Punta Rugno: sull’orlo dell’abisso

Punta Rugno: sull’orlo dell’abisso

Le immersioni nel mare di Milazzo son quasi tutte all’apice del promontorio e sulle due secche poco distanti dall’accidentato profilo costiero. La morfologia del fondale, grazie al calcare che si alterna al metamorfico, genera ineguagliabili sculture di roccia, riccamente colonizzate dalla caratteristica biodiversità mediterranea. Quando il Blunauta si avviò in questa meravigliosa attività di divulgazione naturalistica con approccio subacqueo (diving center a misura d’uomo), una sorta di turismo responsabile che insegna a fruire degli spettacoli del mare nel modo più corretto e accattivante, Mauro lasciava ancora come “riserva” (non per motivi legati alla bellezza del luogo ma solo per la sua profondità considerevole) il tuffo sul ciglio impegnativo di Punta Rugno, riservandolo ai più esperti e procedendo sempre con la dovuta cautela.
Inutile dire che ho voluto subito vederci chiaro e puntare dritto alla perlustrazione di questo sito, direi piuttosto diverso da tutti gli altri, con peculiarità tutte sue. Ma vediamo il perché di questa diversità e quali sono le meraviglie nascoste su questa gradinata di roccia che si affaccia sull’orlo dell’abisso a partire dai 40/45 me di profondità per arrivare rapidamente oltre i 100 m. Proviamo a immaginare un percorso ideale di un’immersione, per comodità di pensiero, più lunga del normale; ovvero un tuffo fantasy che ci conduca lungo le tappe di questa scarpata sommersa. Tutto inizia a una decina di metri di profondità, a pochi metri dalla riva, dove l’ancora si adagia sulla sabbia tra le ricche matte di una lussureggiante Posidonia. Una prateria ancora molto rigogliosa, che segue un pendio che inizia subito la sua discesa verso il blu profondo.

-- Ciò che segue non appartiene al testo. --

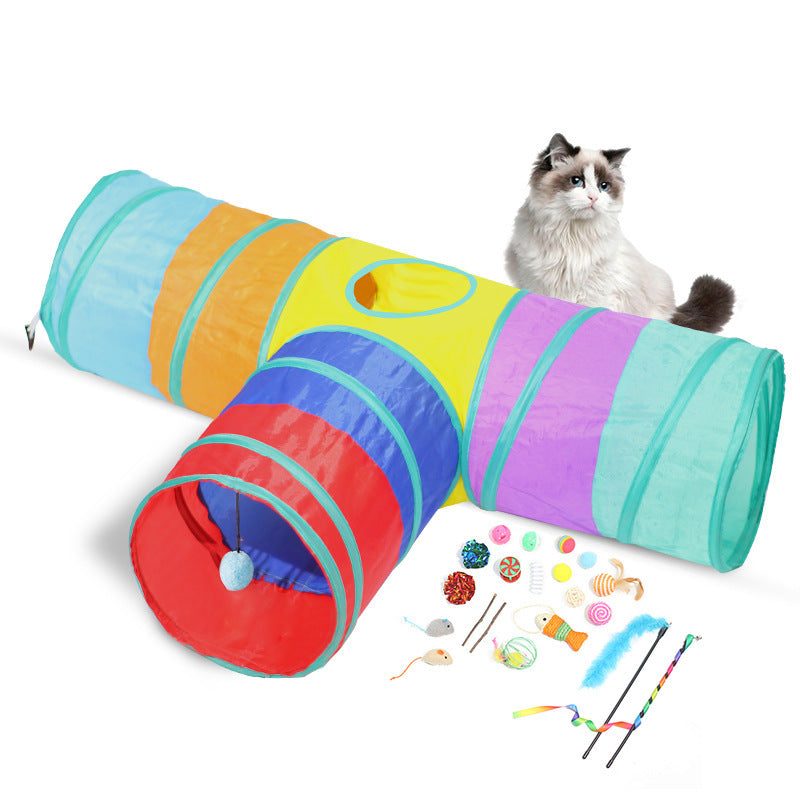 Tunnel de Jeu pour Chats | Divertissement & Bien-être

Pinneggiando lungo il pendio, lasciamo la posidonia subito dopo i 15 m e iniziamo a “sorvolare” una singolare foresta di grandi sargassi: questo è il primo spettacolo che solo Punta Rugno, in questo mare, offre in modo così generoso. A un certo punto, verso i 25 metri di profondità, comincia a rarefarsi la boscaglia di sargassi e appaiono le prime candide gorgonie a candelabro (Eunicella singularis). Il fondale sabbioso sembra adesso un misto di esili eunicelle bianche sparse qua e là e un “sottobosco” di fogliame di posidonia, che per la pendenza del fondale vede depositarsi in accumuli vistosi, le foglie nastriformi fino alla soglia dei 50 m.

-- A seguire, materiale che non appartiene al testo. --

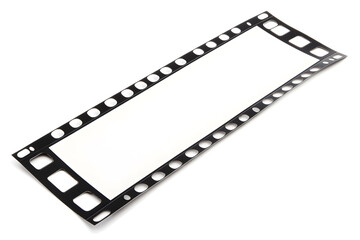 Fototapeta premium Blank Photographic Film Strip Isolated on White Background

A 45 metri si iniziano a vedere i primi rami di “carnose” gorgonie rosse (Paramuricea clavata), che a Punta Rugno si presentano con rami grandi e non particolarmente addossati gli uni agli altri. Le ramificazioni, di un bel rosso carico, con diverse varietà cromatiche che oscillano dal rosa al violaceo, hanno forme incredibilmente varie e si esprimono in una bellezza strutturata per far vibrare i neuroni dell’osservatore consapevole e sensibile. In seno alla ramificazione di ogni singola gorgonia, che aderisce alle pareti dei diversi gradini di questo imponente tempio sommerso, si insinuano altre forme viventi colonizzatrici: come i meravigliosi merletti di mare (briozoi) arancioni, di arzigogolate fattezze, e il bellissimo Antozoo parassita Alcyonium coralloides, con il suo intenso color fucsia cupo e i suoi polipi trasparenti col colletto bordato di bianco, che nell’insieme offrono una visione di bellezza pari o addirittura superiore a quella offerta del più noto corallo rosso.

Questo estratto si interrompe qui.